> **Your task**
Once you find the line with "Rider crosses a" in the listing below, please repeat it and every later line exactly, through the last one, without pictures.

Segment Start: Given data

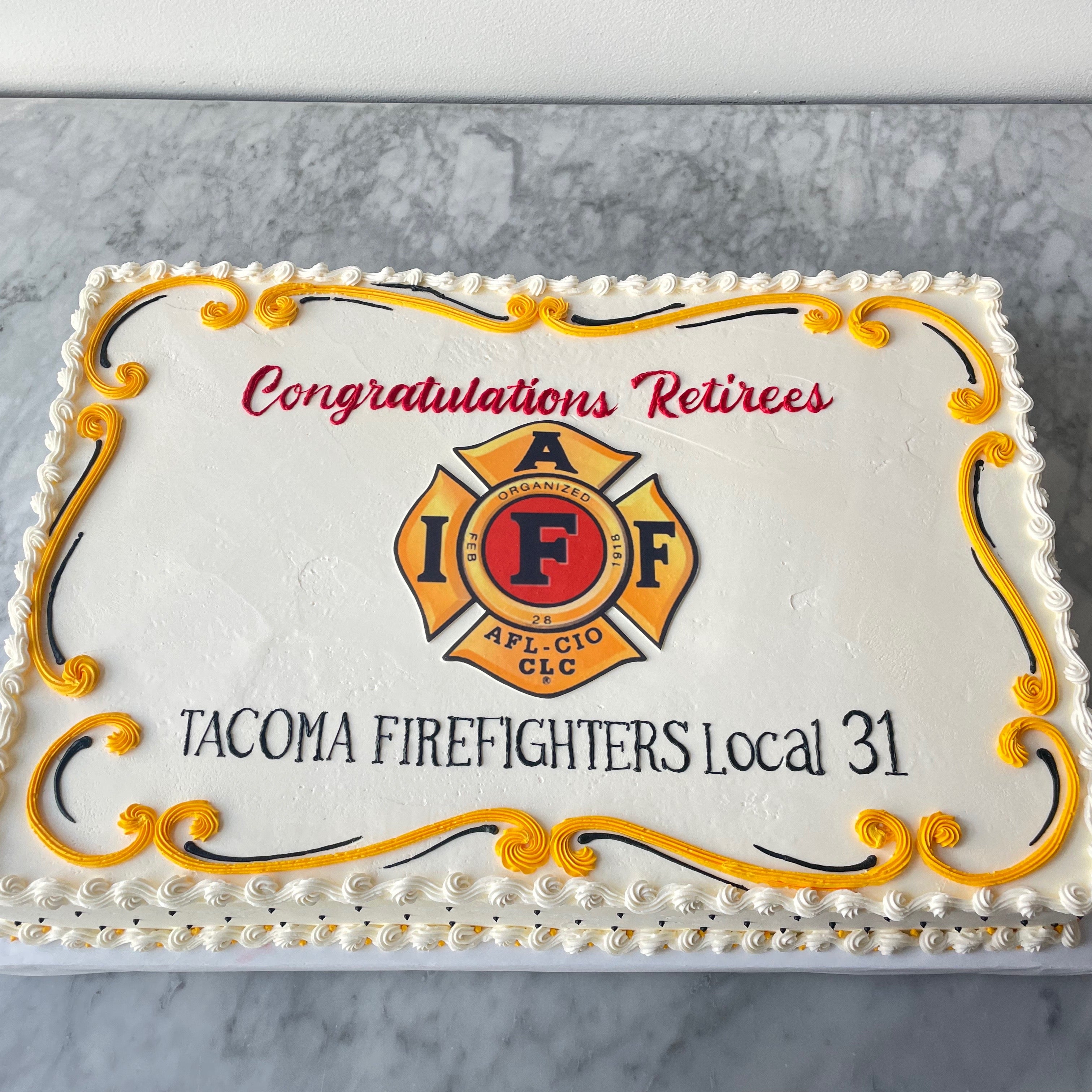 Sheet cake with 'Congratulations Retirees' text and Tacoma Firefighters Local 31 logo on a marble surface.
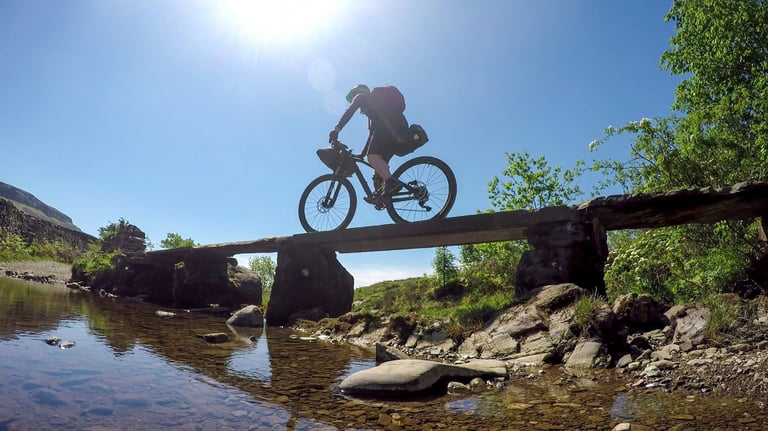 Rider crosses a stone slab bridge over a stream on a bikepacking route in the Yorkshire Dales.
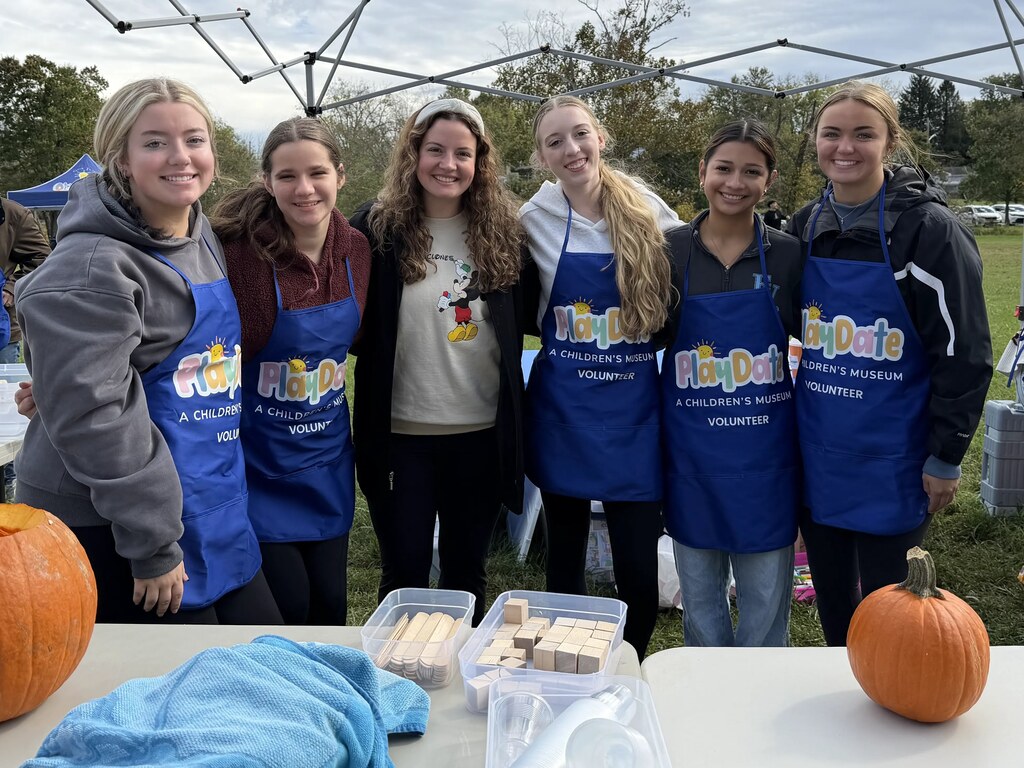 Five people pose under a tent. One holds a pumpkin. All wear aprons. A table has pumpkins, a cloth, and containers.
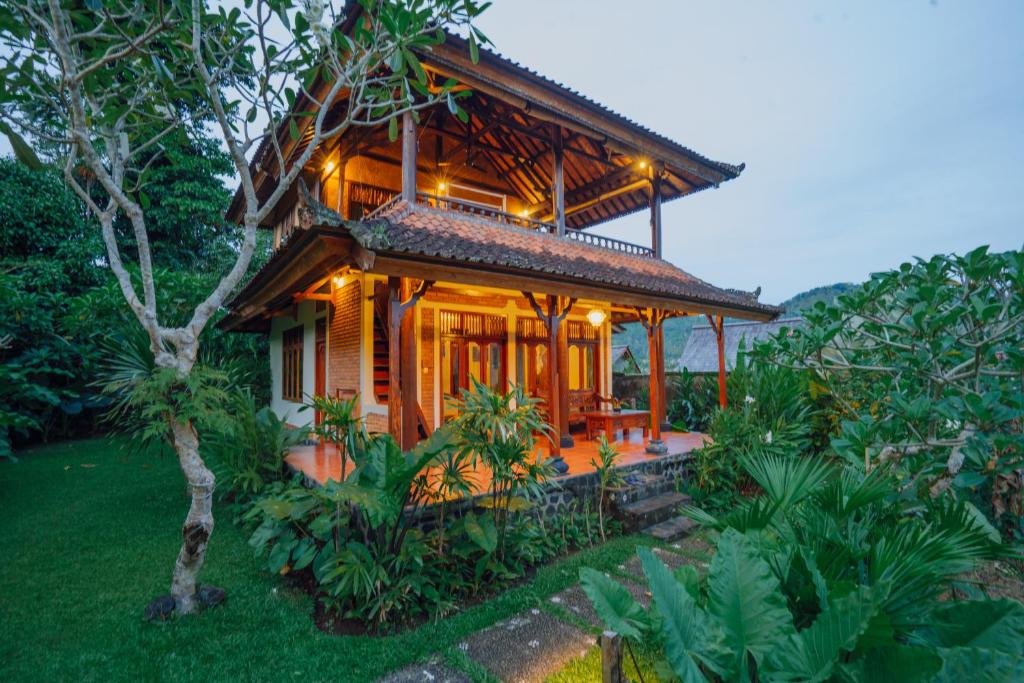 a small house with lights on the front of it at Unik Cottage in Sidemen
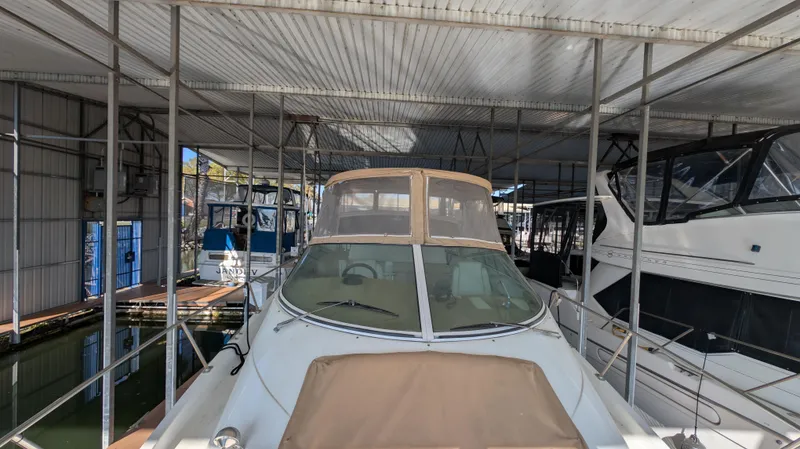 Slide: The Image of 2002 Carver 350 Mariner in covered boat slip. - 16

Segment End: Given data

> **Task answer**
 Rider crosses a stone slab bridge over a stream on a bikepacking route in the Yorkshire Dales.
 Five people pose under a tent. One holds a pumpkin. All wear aprons. A table has pumpkins, a cloth, and containers.
 a small house with lights on the front of it at Unik Cottage in Sidemen
 Slide: The Image of 2002 Carver 350 Mariner in covered boat slip. - 16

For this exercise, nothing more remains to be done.